┌────────
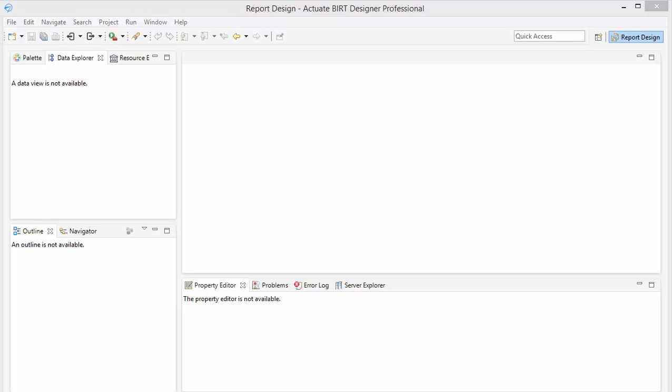In this video series, I'm going to show you how to connect the BERT Report Designer to SQL Server and then upload that to BERT iHub, so that you can view your report that you build within the designer through the web portal.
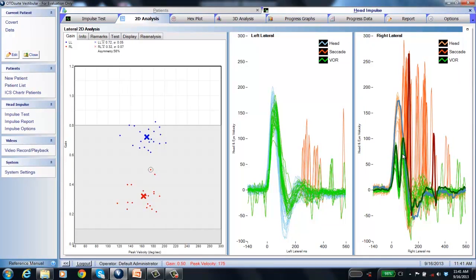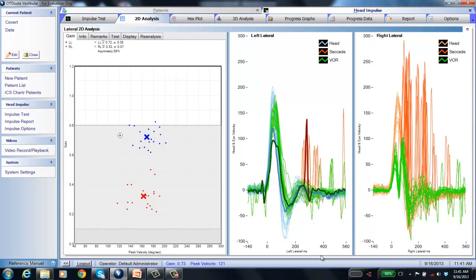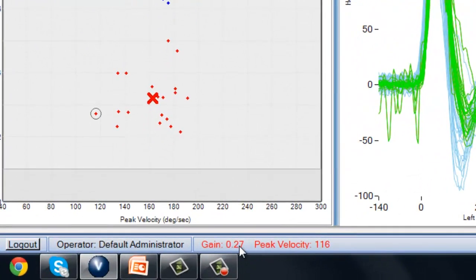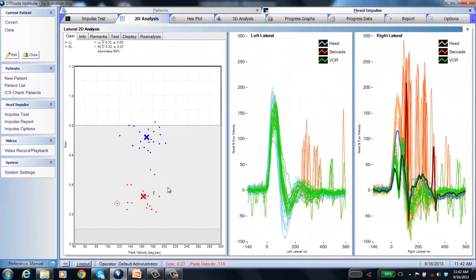In the gain graph, the circled gain point corresponds to each individual trace. The gain for one impulse shown is 0.27, and the peak velocity for that particular head impulse was 116 degrees per second — that's how quickly the head was moved. The asymmetry was 56%, showing significant difference between the right and left sides.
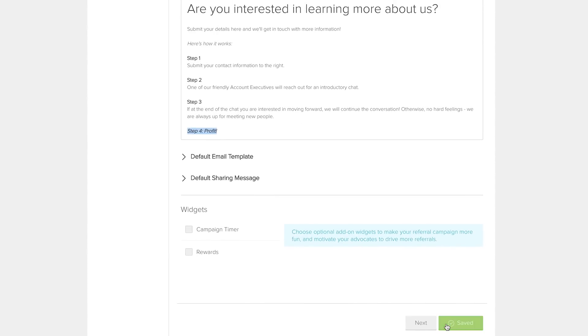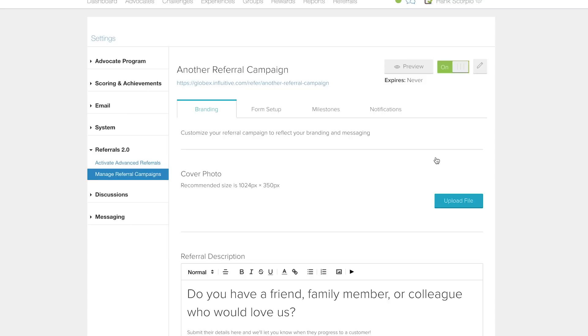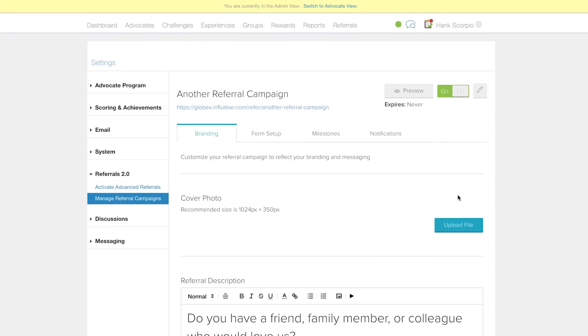Once you're happy with the copy, scroll down or up and click the Save Section button.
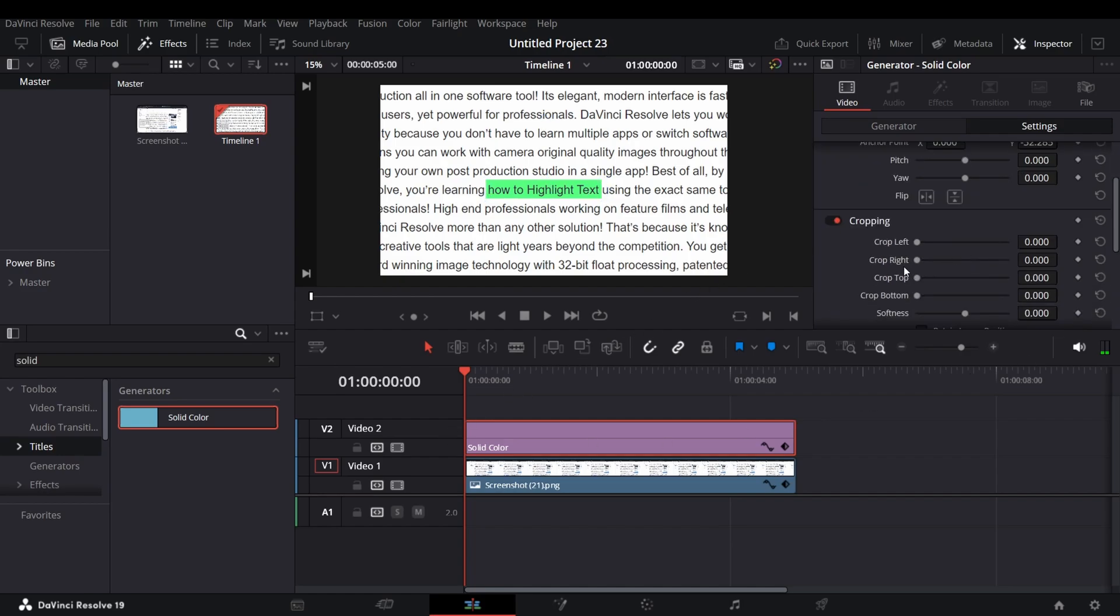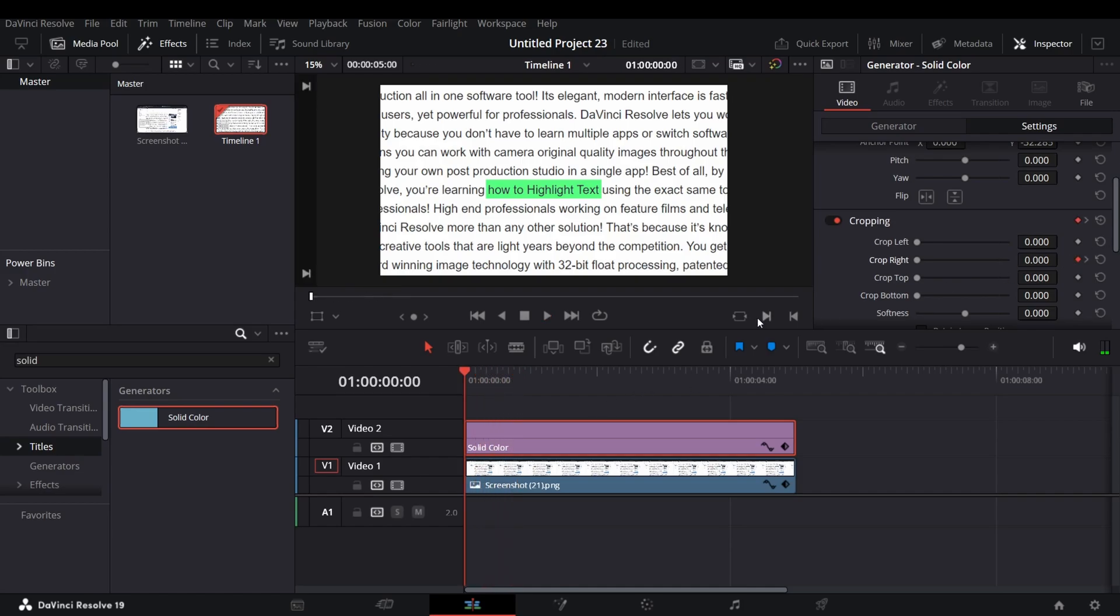Now in the first frame of the video, under cropping add a keyframe of crop right. Go to a certain frame forward and add another keyframe. Now in the first frame, bring the crop right all the way up until the solid color is not visible. After that, you will get the animation like this.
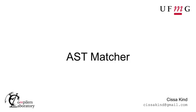Hi, I'm Cissa. In this video, I'm going to talk about ASTMatchers and show how to make use of it with libtooling. If you don't know anything about Clang AST with libtooling, there are some other videos in this playlist that will cover the basics we need.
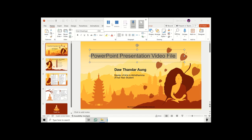Hello everyone. We are going to have a PowerPoint presentation video. We will find you the best way to find the video.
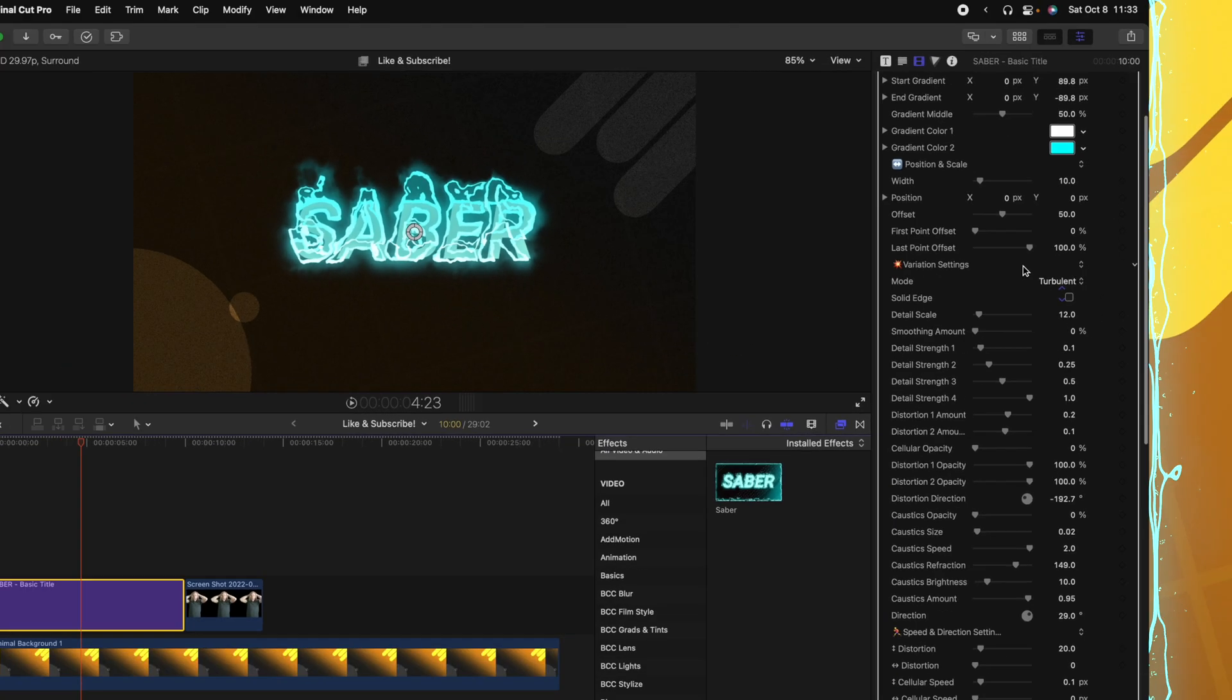Now something to take note is this plugin is very, very computer intensive. So keep that in mind. You're going to probably have to render it a lot when you're using it to get any sort of preview playback. I tried to optimize it as best as I could, and I'm going to keep trying to do that a little bit more. But again, this is very intense on your computer.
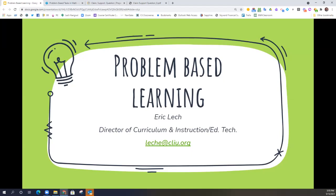Thank you all for listening today. I hope you continue to follow our online learning sessions here at Carbon Lehigh Intermediate Unit. Don't forget to click below and subscribe to our page so you can get any updates that are coming. Once again, my name is Eric Lech, I'm the Director of Curriculum, Instruction, and Educational Technologies here at the IU. Thank you.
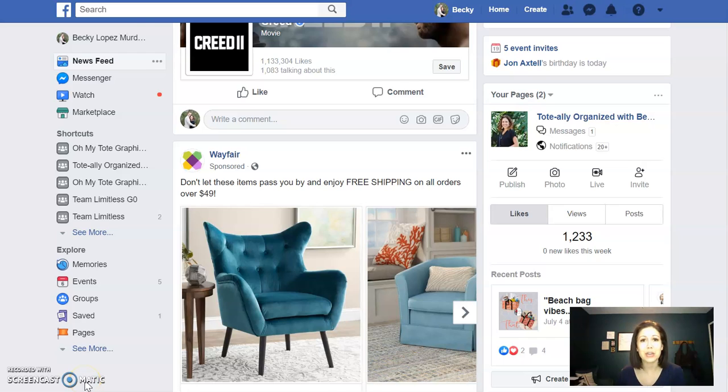Hey, this is Becky and this video is to show you how to create a closed event on Facebook for your Facebook parties.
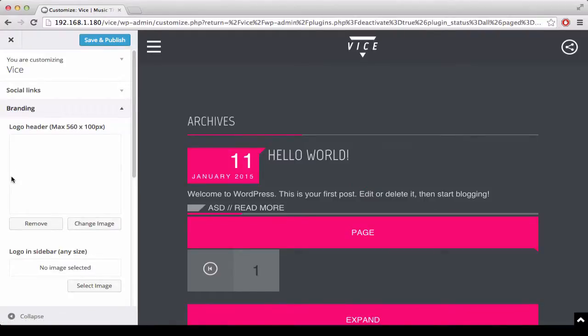Remember after each customization, if you want to quit the customization process to click save and publish.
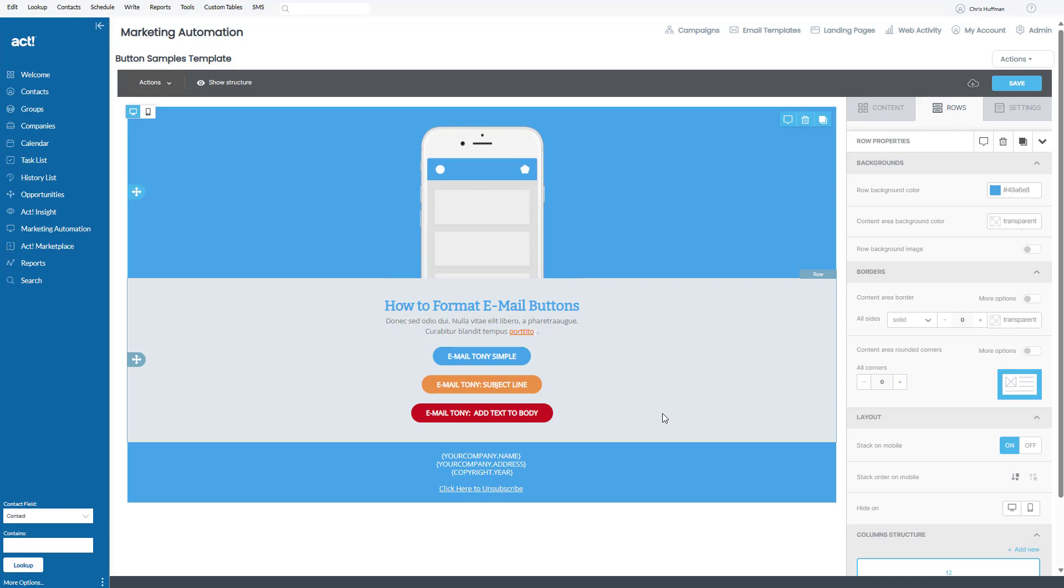Greetings everyone. My name is Tony Holowitz, and in our previous tutorial we talked about the way you can format buttons when sending an email.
└────────
-- Exercise requirements --
Write out the lines above from the one with "Hi, I'm Cissa." through the one with "Remember after each", ends included, exactly; no picture goes in.

-- Task solution --
Hi, I'm Cissa. In this video, I'm going to talk about ASTMatchers and show how to make use of it with libtooling. If you don't know anything about Clang AST with libtooling, there are some other videos in this playlist that will cover the basics we need.
Hello everyone. We are going to have a PowerPoint presentation video. We will find you the best way to find the video.
Now something to take note is this plugin is very, very computer intensive. So keep that in mind. You're going to probably have to render it a lot when you're using it to get any sort of preview playback. I tried to optimize it as best as I could, and I'm going to keep trying to do that a little bit more. But again, this is very intense on your computer.
Thank you all for listening today. I hope you continue to follow our online learning sessions here at Carbon Lehigh Intermediate Unit. Don't forget to click below and subscribe to our page so you can get any updates that are coming. Once again, my name is Eric Lech, I'm the Director of Curriculum, Instruction, and Educational Technologies here at the IU. Thank you.
Hey, this is Becky and this video is to show you how to create a closed event on Facebook for your Facebook parties.
Remember after each customization, if you want to quit the customization process to click save and publish.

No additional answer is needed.